Truth is, I did not meet my writing goals on the first day of my challenge. I am shooting for 2742 words/day to meet a 85,000 word count goal* and finish the novel, but I only achieved 1925. I’m behind by 817 words, bu I’m actually glad I failed to reach my goal.
Why am I glad? Because it gives me an opportunity to talk about goals, failing or achieving them, and how we talk to ourselves about it. There were a lot of reasons I didn’t achieve 2742 words yesterday. And here are my excuses:
- I was really rusty. I haven’t written a first draft since February of 2015 and wringing those 1925 words out yesterday was really hard work.
- It was a Sunday, so I had a limited amount of time without the family at home.
- Starting anything new for me is a mental obstacle. I have to make myself feel prepared, so I organized my desk, made a spreadsheet to keep track of progress, made a novel template so every time I start a new novel it’s ready to go, and looked over a few notes before I began. I also sat there and stared at the computer for awhile because though I’ve known how this book was going to start since forever, I had a sudden brain bunny that said here are two more chapters to write before that first chapter. I may not use them, but I’m writing them anyway.
And you know what? Those excuses are okay. I wrote. It was hard, but I got words on the page. They may even be complete throw away words because I’m not positive I need them, but we’ll see. I’d rather write too much than too little to be honest.
The point here is, we all have things happening in our lives (and sometimes in our heads) that mean we can’t always meet that word count goal. It’s okay. Don’t beat yourself up for it. I know that on a good day I can bust out 5k words, so having an off day doesn’t mean the challenge is scraped for me.
And if you’re a slower drafter, then don’t expect too much of yourself. Set yourself a challenge that is achievable, otherwise you will just get down on yourself. If you can only get out 500 words on a good day, don’t expect yourself to suddenly write 3k. If you prefer to edit as you go, then maybe the NaNo style of just get the words out isn’t for you.
Personally, I used to be an edit-as-you-go writer.

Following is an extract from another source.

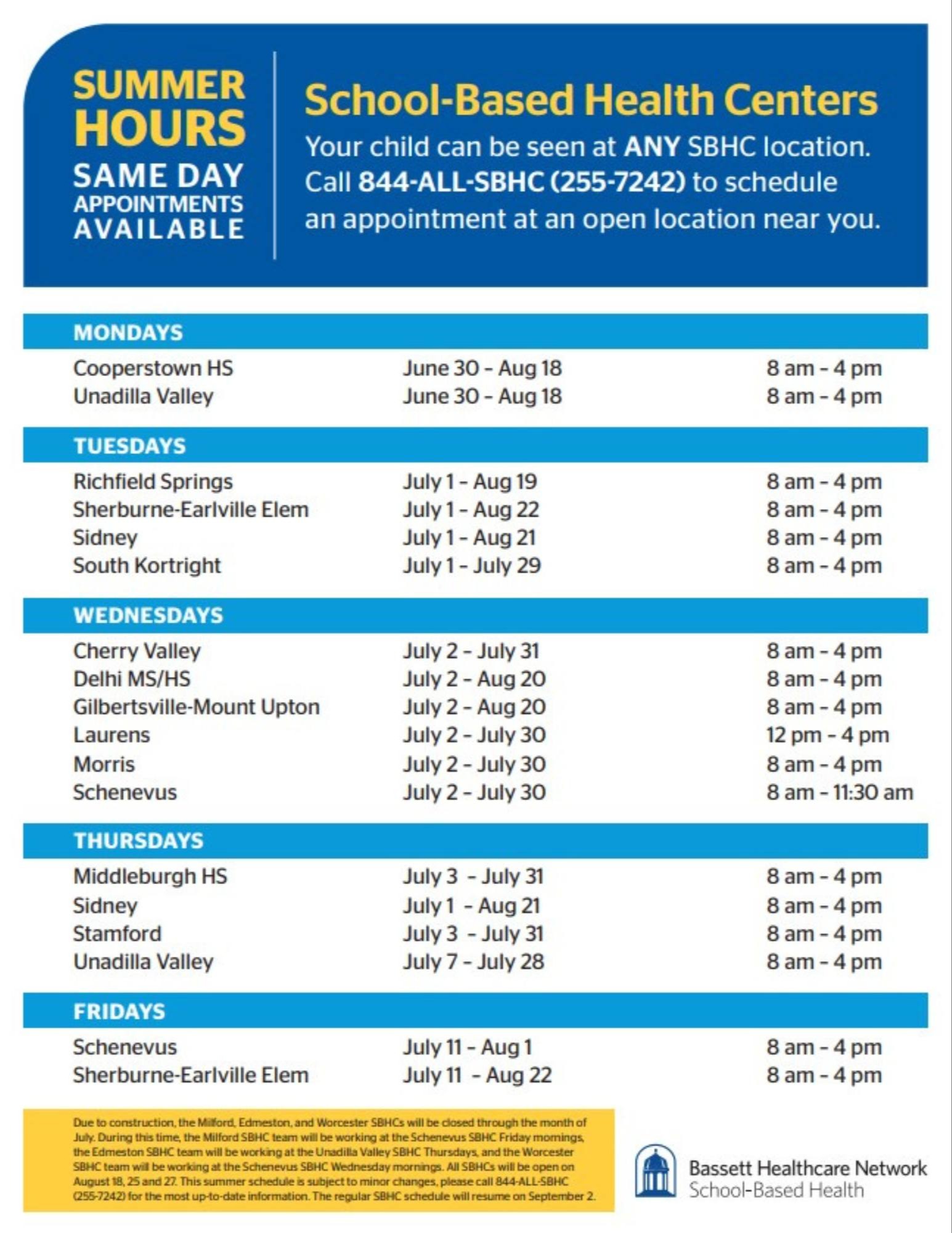 School-Based Health Centers Your child can be seen at ANY SBHC location. Call 844-ALL-SBHC (255-7242) to schedule an appointment at an open location near you. SUMMER  HOURS SAME DAY APPOINTMENTS AVAILABLE. All SBHC locations are open Aug 19 and Aug 26. Due to construction the  Unadilla Valley School-Based Health Center will be closed. Students from  Unadilla Valley may be seen at any other School-Based Health Center.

Then I tried a NaNo style writing to just get the words out. I liked both to be honest. So I do a mix. Sometimes I have to reread what I’ve written to keep my head in the writing space it should be in. Sometimes I reread a whole chapter and edit a little to get myself ready for starting a new day. Sometimes I need to do a small bit of research to name a character or select a city or something that helps me move on. The word count doesn’t have to be the be-all of your writing unless you want it to be.
Allow yourself the room to breathe and fail. Failure is okay. Because if even at the end of a NaNo-style writing you have 30k words, or 25k words, or whatever you were able to achieve, you still have thousands of more words than when you started to begin with.
* My word count goal is arbitrary. I want to finish a novel in 31 days and I estimate I need 80k-90k to achieve that. If I use the median number of 85k that gives me 2742 words/day, but as long as I have a finished novel by the end of the 31 days, I don’t care what the word count is.